Bitwise arbitration (HOW collisions are resolved without retransmit):
Bus is wired-AND: dominant (0) overrides recessive (1) (like I2C's wired-AND).
Every transmitter sends its ID and listens to the bus simultaneously.
If a node sends recessive(1) but reads dominant(0), it lost → backs off instantly, keeps listening.
The node with the numerically lowest ID (most leading dominant bits) wins and continues without any corruption. This is non-destructive arbitration — the winning message is never re-sent.
How does CAN resolve simultaneous transmissions without retransmission?
Bitwise non-destructive arbitration: a node sending recessive but reading dominant loses and drops out; lowest ID (highest priority) wins intact.
Why is CAN bus length limited at high bit rate?
A node must hear the bus round-trip within one bit time to detect arbitration loss: tbit≥2L/v.
Why is CAN noise-immune?
Differential signaling — common-mode noise hits both wires equally and cancels in VCANH−VCANL.
Recall Feynman: explain to a 12-year-old
Imagine chips passing notes.
UART: two friends, no shared clock — they agree "read one letter every second," one taps the desk to say "starting now."
SPI: one boss with a metronome; whoever the boss points at (SS) trades a note with the boss every tick — super fast but the boss needs a separate finger to point at each friend.
I2C: a class on a party line — everyone whispers their name first ("address"), only the matching kid answers, and the rule is "if anyone says quiet (LOW), it's quiet."
CAN: kids in a noisy room shouting numbers; the kid with the smallest number always wins and finishes their sentence, and because they all whisper through two cups, the room noise cancels out.
Dekho beta, sabse pehle core baat samajh lo — kisi bhi chip ke beech data bhejne ke liye wire pe sirf ek cheez travel karti hai: voltage jo high ya low hoti hai time ke saath. Bas itna hi. Toh ye saare protocols — UART, SPI, I2C, CAN — koi jaadu nahi hai, ye sirf ek "agreement" hai do chips ke beech ki: bit kab shuru hoti hai kab khatam (timing ya clock), kitne wire use karenge, aur kiski baari hai bolne ki (addressing). Jab tum ye samajh loge, toh poora subject easy lagega, kyunki har protocol bas in teen sawaalon ka alag jawab hai.
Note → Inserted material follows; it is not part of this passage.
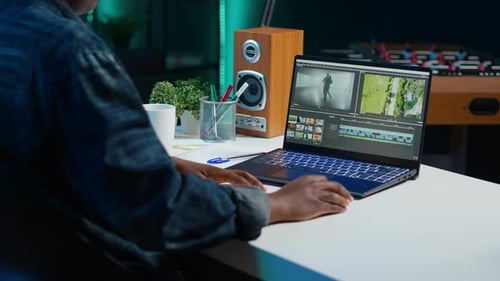 Woman Using Mouse to Edit Movie Project Footage in Apartment Office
Ab har protocol apna trade-off leke aata hai. Jaise UART — ismein clock wire hi nahi hoti (asynchronous), dono side pehle se baud rate pe agree kar lete hain, phir ek "start bit" starting gun ki tarah kaam karti hai aur receiver stopwatch ki tarah har bit ke beech mein sample karta hai. Isiliye ye ~5% clock error tolerate kar leta hai — bahut simple, bas 2 wire. Wahin SPI super fast aur full-duplex hai kyunki do shift registers ek ring mein jude hote hain, har clock edge pe ek bit MOSI se bahar jaati hai aur ek MISO se andar aati hai — 8 clocks mein poora byte swap ho jaata hai, koi overhead nahi. I2C sirf 2 wire mein bahut saare devices handle karta hai (addressing se), aur CAN noise-immune hai isliye cars mein use hota hai.
Ye matter isliye karta hai kyunki real embedded systems mein tumhe choose karna padta hai — agar speed chahiye toh SPI, agar pins bachane hain toh I2C, agar simple point-to-point link chahiye toh UART, aur noisy automotive environment mein CAN. Interview aur real projects dono mein ye decision aata hai. Aur ek chhoti si important baat: jaise UART example mein dekha, start/stop bits bhi time lete hain, toh effective throughput hamesha baud rate se kam hoga — ye "overhead" wali soch tumhe practical calculations mein bachayegi.